Start of Extracted entries

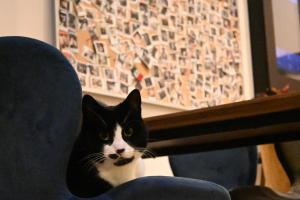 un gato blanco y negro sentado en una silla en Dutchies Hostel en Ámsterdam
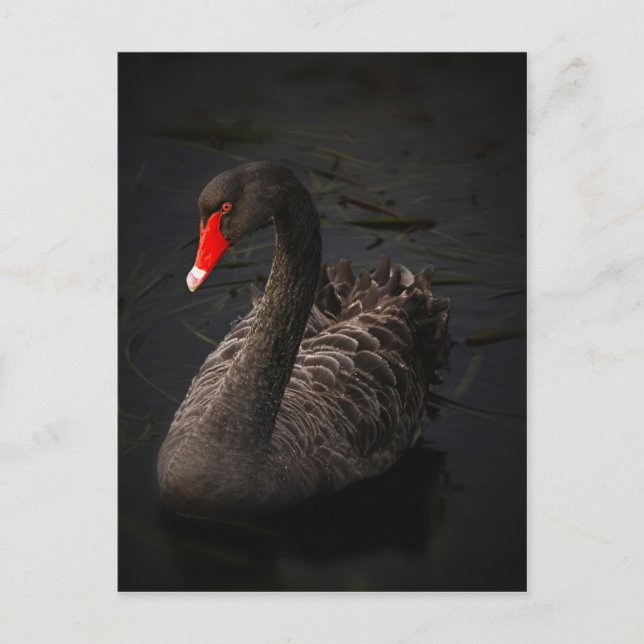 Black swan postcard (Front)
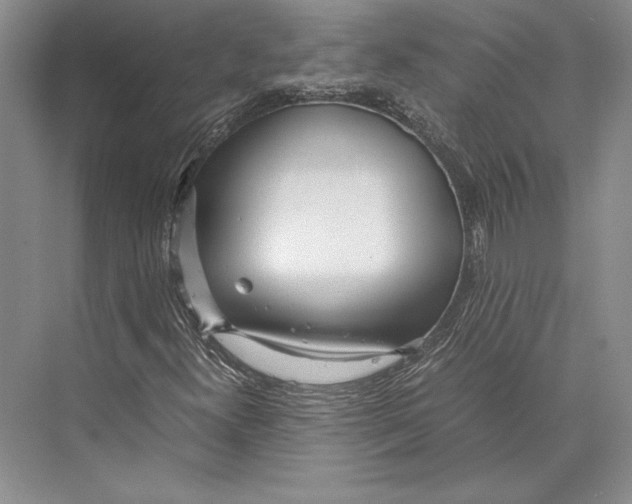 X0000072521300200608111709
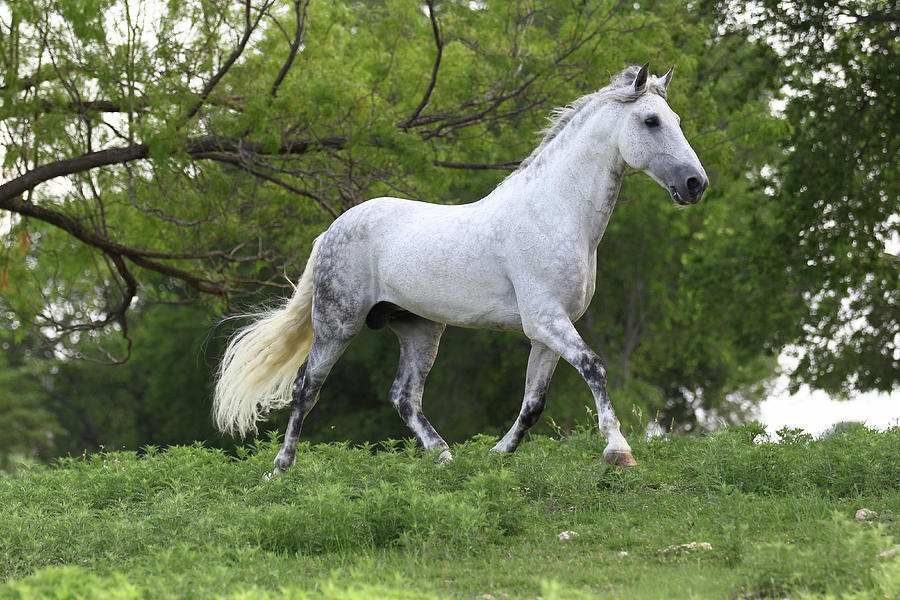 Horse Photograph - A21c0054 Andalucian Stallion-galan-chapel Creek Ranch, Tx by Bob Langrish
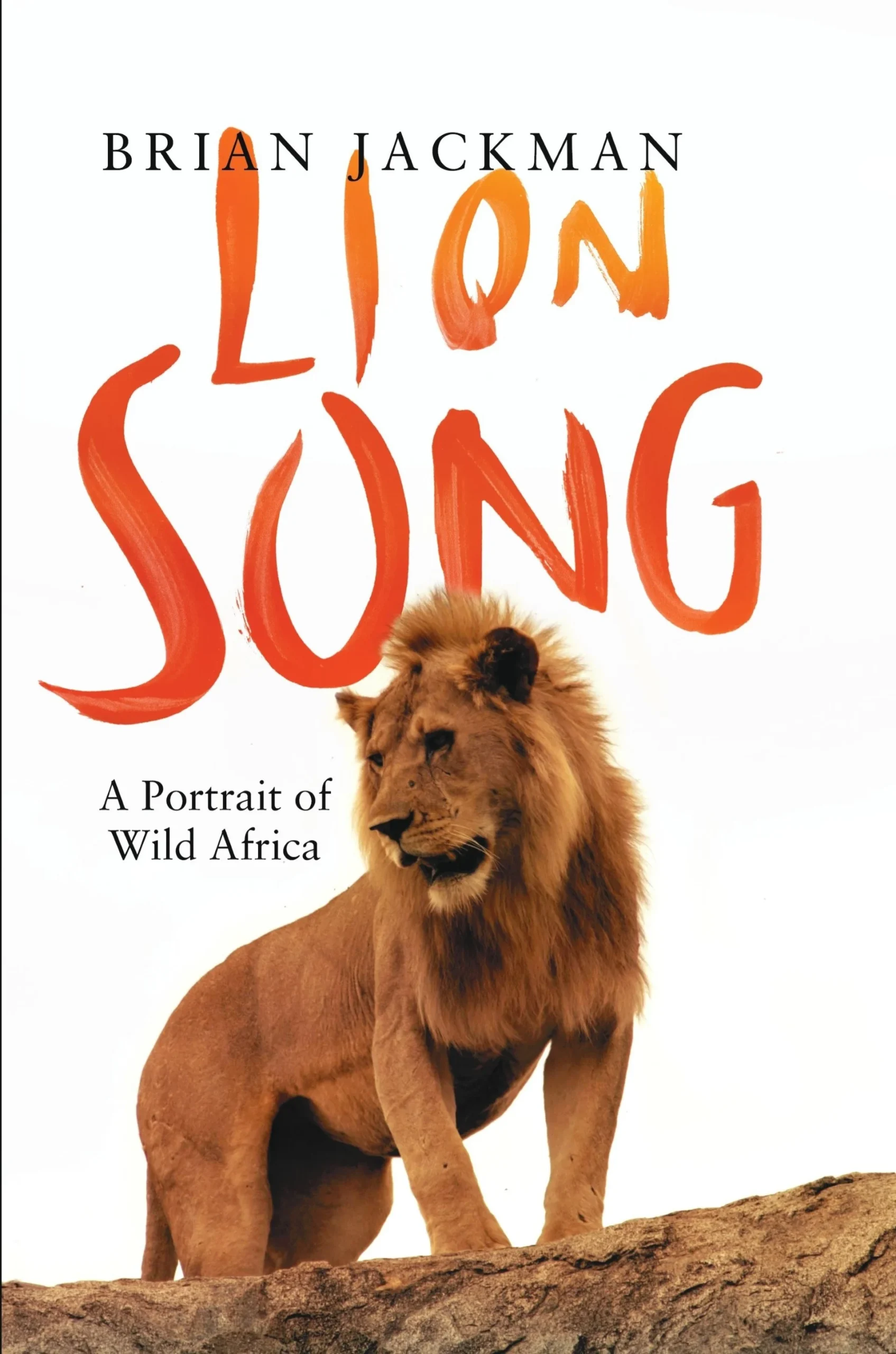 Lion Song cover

End of Extracted entries
Start of Extracted entries

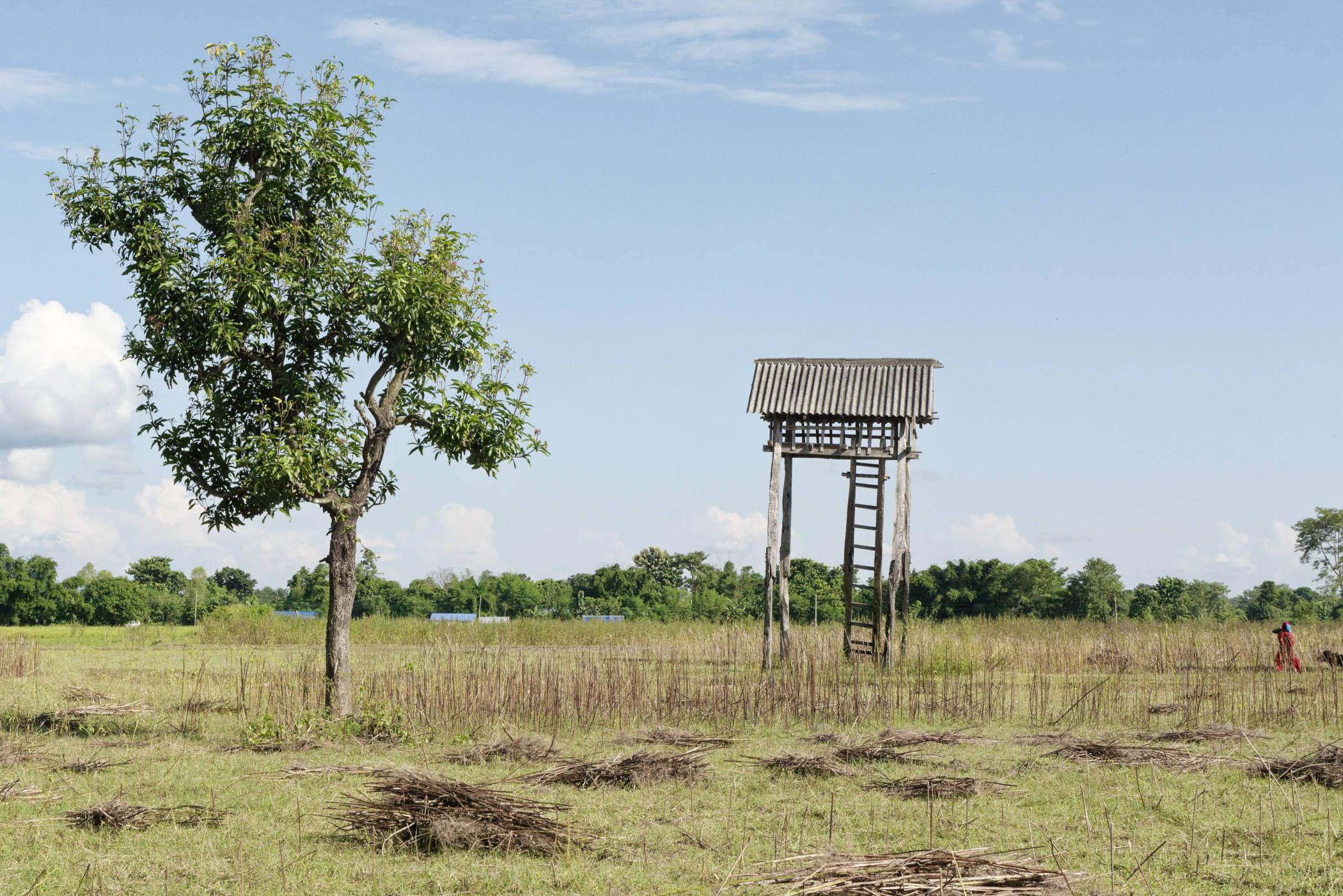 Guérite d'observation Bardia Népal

End of Extracted entries

## How to complete this task
Working from the entries above, please transcribe only the lines from the line with "X0000072521300200608111709" through the line with "Lion Song cover", exactly, with both end lines and without pictures.

## Your solution
 X0000072521300200608111709
 Horse Photograph - A21c0054 Andalucian Stallion-galan-chapel Creek Ranch, Tx by Bob Langrish
 Lion Song cover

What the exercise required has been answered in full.